Problem
Could all of the entries be written out exactly, with any pictures omitted?

□ □ □ □ □

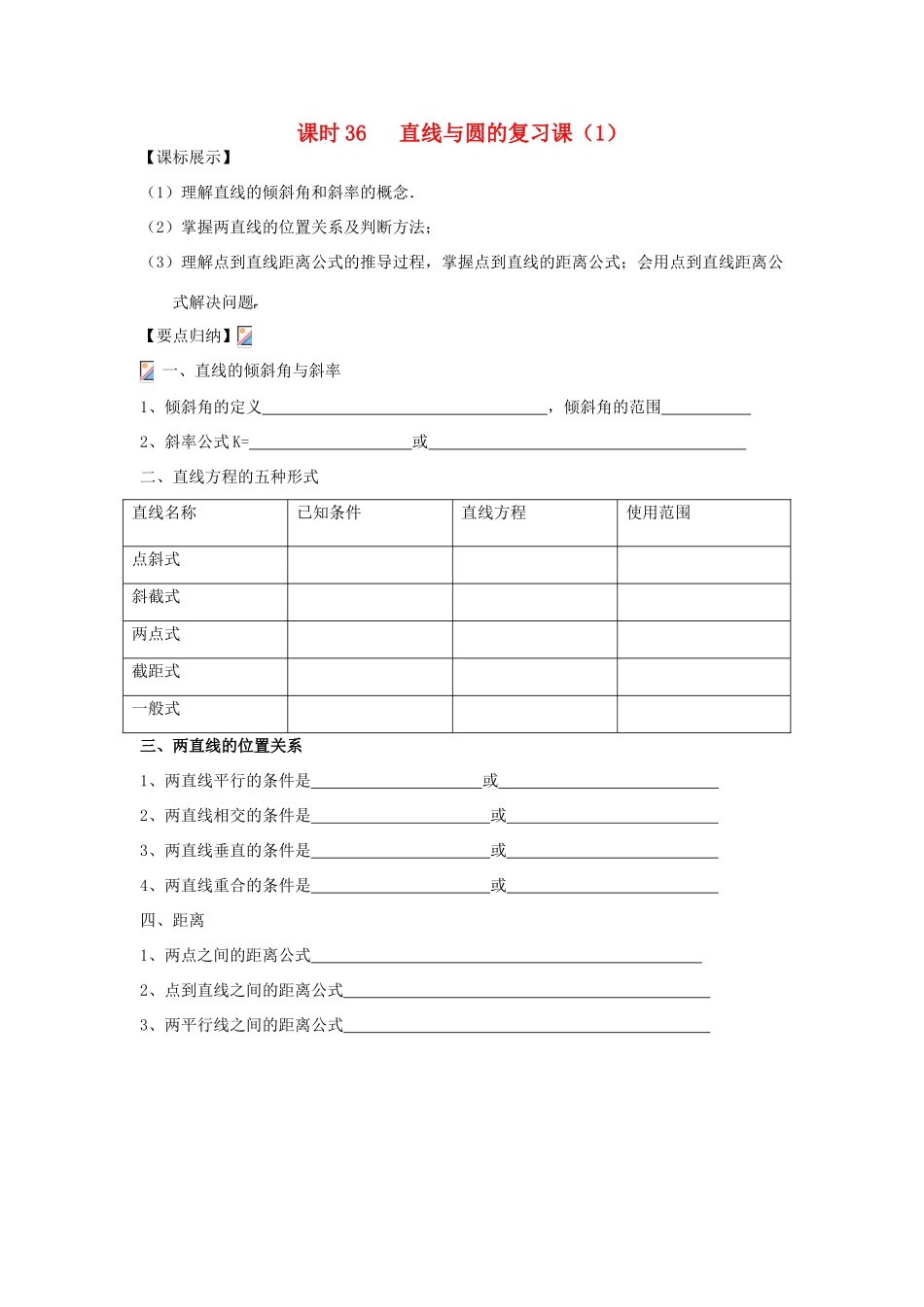 高中数学 课时36 直线与圆的复习课学案1 苏教版必修2-苏教版高一必修2数学学案_第1页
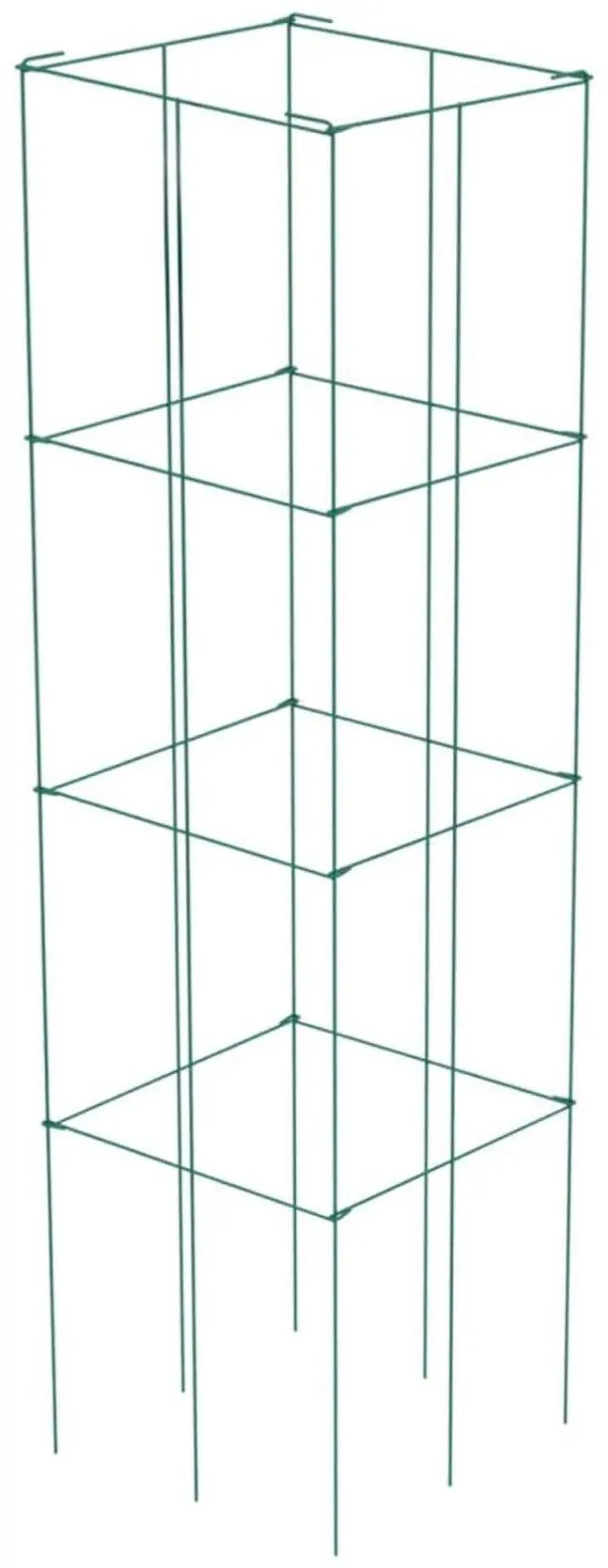 Alt view image 3 of 7 - 6 Pieces Tomato Cages with Green PVC-Coated Steel Frame and Ground Stakes for Growing Vegetables, Outdoor 3 Tier Square Plant Support Cages with Lock on The Side for Backyard, Lawn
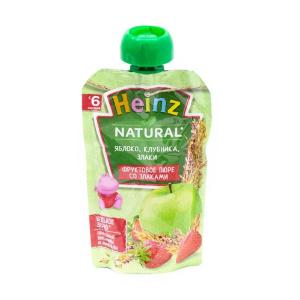 Пюре Heinz яблоко, клубника и злаки с 6м 90г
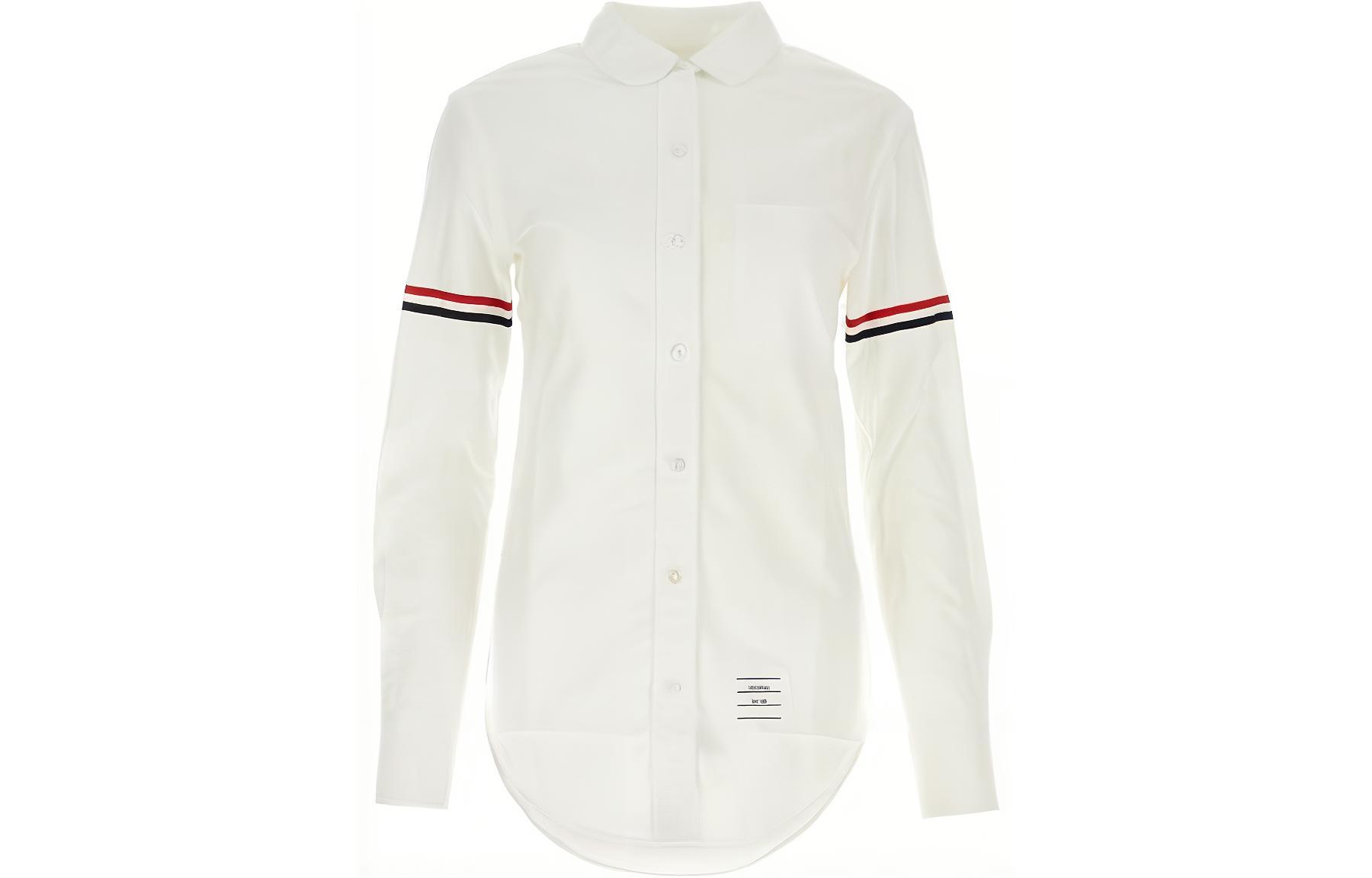 (Women) Thom Browne  White Striped Print Long-Sleeve Shirt. FLL019E-F0313-100 圖 2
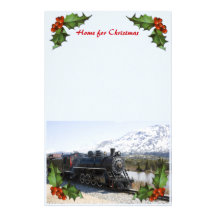 Home on the Train for Christmas Stationery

□ □ □ □ □

Solution for this problem
 高中数学 课时36 直线与圆的复习课学案1 苏教版必修2-苏教版高一必修2数学学案_第1页
 Alt view image 3 of 7 - 6 Pieces Tomato Cages with Green PVC-Coated Steel Frame and Ground Stakes for Growing Vegetables, Outdoor 3 Tier Square Plant Support Cages with Lock on The Side for Backyard, Lawn
 Пюре Heinz яблоко, клубника и злаки с 6м 90г
 (Women) Thom Browne  White Striped Print Long-Sleeve Shirt. FLL019E-F0313-100 圖 2
 Home on the Train for Christmas Stationery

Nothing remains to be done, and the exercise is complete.